***** DATA EXCERPTS *****

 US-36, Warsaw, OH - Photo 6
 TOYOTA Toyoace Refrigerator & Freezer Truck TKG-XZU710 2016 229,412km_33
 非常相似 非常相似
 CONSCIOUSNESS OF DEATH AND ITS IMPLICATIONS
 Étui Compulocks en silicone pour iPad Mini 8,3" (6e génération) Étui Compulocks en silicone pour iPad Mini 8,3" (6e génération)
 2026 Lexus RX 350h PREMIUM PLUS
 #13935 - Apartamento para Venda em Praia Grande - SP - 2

*****
***** DATA EXCERPTS *****

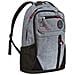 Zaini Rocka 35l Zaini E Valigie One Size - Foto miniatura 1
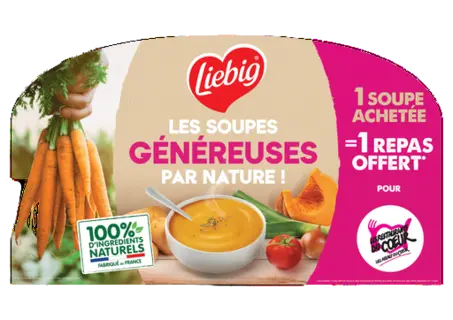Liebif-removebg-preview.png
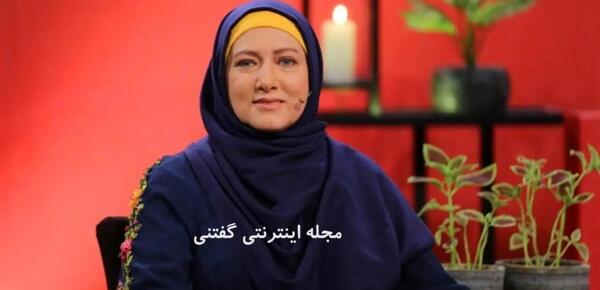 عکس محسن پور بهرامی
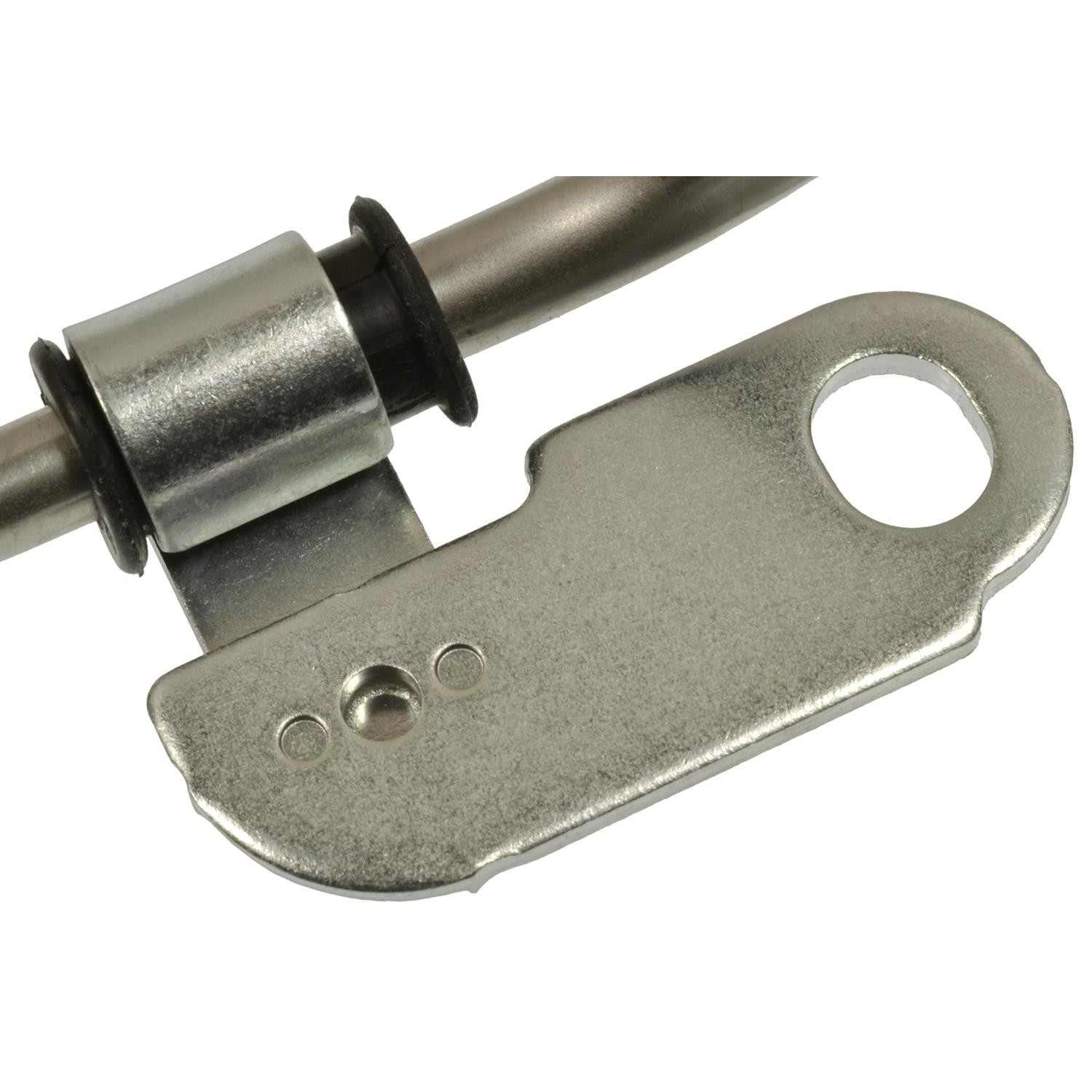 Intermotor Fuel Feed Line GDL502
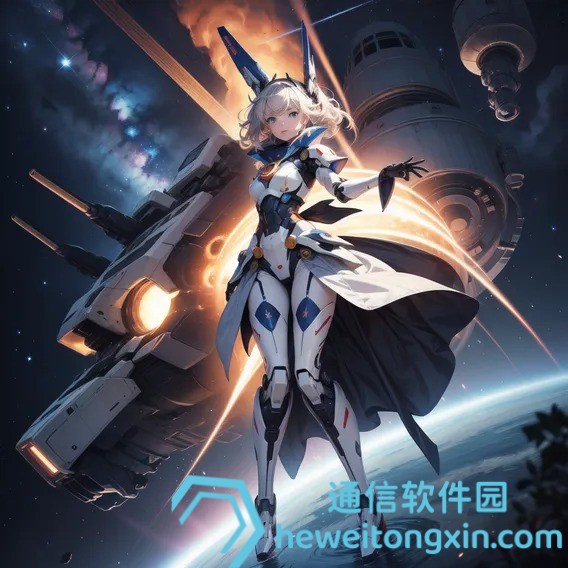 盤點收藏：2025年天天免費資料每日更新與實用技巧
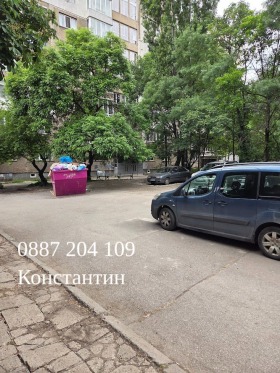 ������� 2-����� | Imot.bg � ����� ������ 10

*****
***** DATA EXCERPTS *****

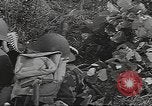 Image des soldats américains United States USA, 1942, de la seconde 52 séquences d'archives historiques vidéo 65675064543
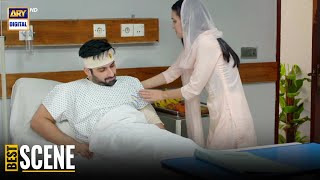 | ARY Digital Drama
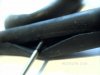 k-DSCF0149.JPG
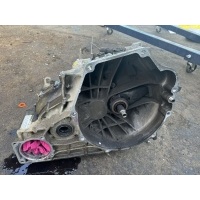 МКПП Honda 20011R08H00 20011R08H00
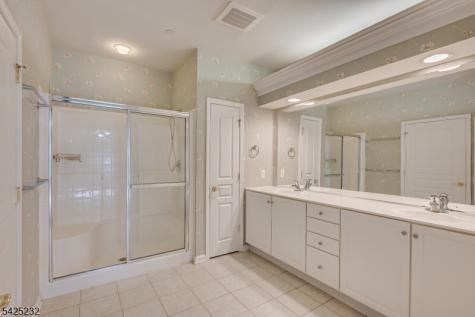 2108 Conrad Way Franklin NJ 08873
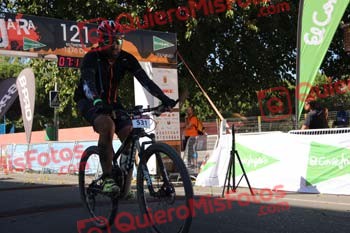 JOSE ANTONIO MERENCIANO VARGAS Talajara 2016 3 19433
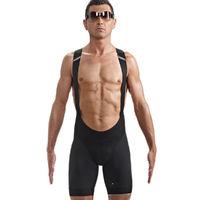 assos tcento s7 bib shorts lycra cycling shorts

*****

**TASK GOAL**
Look above for the line holding "JOSE ANTONIO MERENCIANO" and output everything from it down to the line holding "assos tcento s7", both ends included, exactly and without images.

**ANSWER**
 JOSE ANTONIO MERENCIANO VARGAS Talajara 2016 3 19433
 assos tcento s7 bib shorts lycra cycling shorts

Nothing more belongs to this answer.